LONDON (Reuters) – Three British cabinet ministers publicly indicated on Saturday they will back plans to delay Brexit if lawmakers vote down Prime Minister Theresa May’s plan for a new deal with the European Union.
Business minister Greg Clark, work and pensions minister Amber Rudd, and justice minister David Gauke signaled in a Daily Mail column that they will side with rebels and opposition parties next week to stop Britain leaving the European Union without a divorce deal on March 29 if necessary, adding their weight to calls for May to rule out a no-deal departure.
May is struggling against the clock to get a deal with Brussels on Britain’s exit from the world’s largest trading bloc that will pass parliamentary muster. She will meet European Council President Donald Tusk on the sidelines of an EU-League of Arab States summit on Sunday, but EU diplomats are not expecting any imminent breakthrough.
In the newspaper column headlined “If we don’t get a deal next week we must delay Brexit”, Clark, Rudd and Gauke wrote that a no-deal exit was a risk to business, security and British territorial unity, and accused some colleagues in parliament of complacency.
“Far from Brexit resulting in a newly independent United Kingdom stepping boldly into the wider world, crashing out on March 29 would see us poorer, less secure and potentially splitting up,” they said, referring to the threat of a new bid for Scottish independence from the United Kingdom.
“Our economy will be damaged severely both in the short and the long term.

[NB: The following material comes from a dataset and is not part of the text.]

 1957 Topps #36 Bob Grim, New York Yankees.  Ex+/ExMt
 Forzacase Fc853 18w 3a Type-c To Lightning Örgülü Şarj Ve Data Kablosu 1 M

Costs will increase, businesses that rely on just-in-time supply chains will be severely disrupted and investment will be discouraged,” they wrote.

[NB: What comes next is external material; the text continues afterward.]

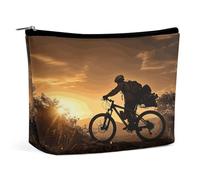 MNVTSKOP Trousse de maquillage de voyage de grande capacité pour femme avec vélo de montagne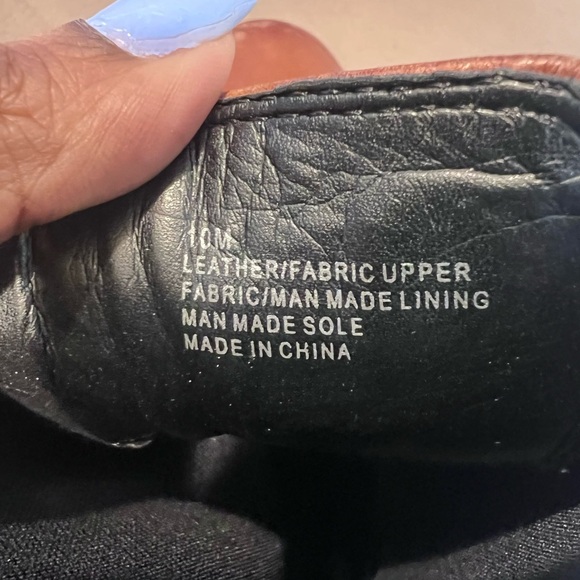 Gianni Bini Down-Town Brown Genuine Leather Chlesea Sole Platform Boots US 10 M - Picture 9 of 12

The ministers called on members of the European Research Group, formed by Conservative pro-Brexit lawmakers, to back the government’s deal in parliament or risk seeing Brexit delayed.

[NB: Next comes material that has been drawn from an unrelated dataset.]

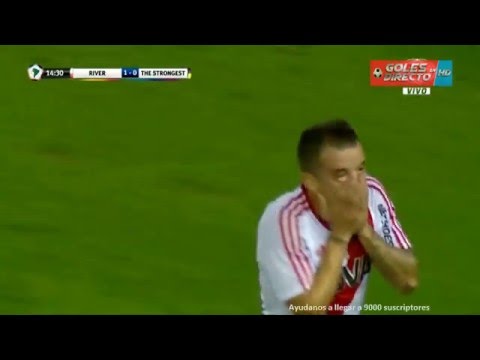 River Plate vs The Strongest 1-0 Gol de D'Alessandro  Copa Libertadores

But in a further sign of deep division over the issue, May’s junior minister for Northern Ireland, John Penrose, wrote a column in the Sunday Telegraph saying removing the option of a no-deal departure on March 29 “could torpedo Brexit completely”. Penrose said such a move could lead to further temporary extensions that “would become permanent.”
Both May’s Conservatives and the main opposition Labour Party are formally committed to delivering Brexit. Labour has recently appeared to soften its stance on a second referendum, although May has ruled such an option out.
Lawmakers from both parties, however, are deeply split over how or even whether Britain will leave, and no majority has so far emerged in parliament for any comprehensive Brexit strategy.
May has promised that if she does not bring a revised deal back by Feb. 27, parliament will have an opportunity to vote on the next steps. Some lawmakers are expected to use that to try to wrest control of the process from the government.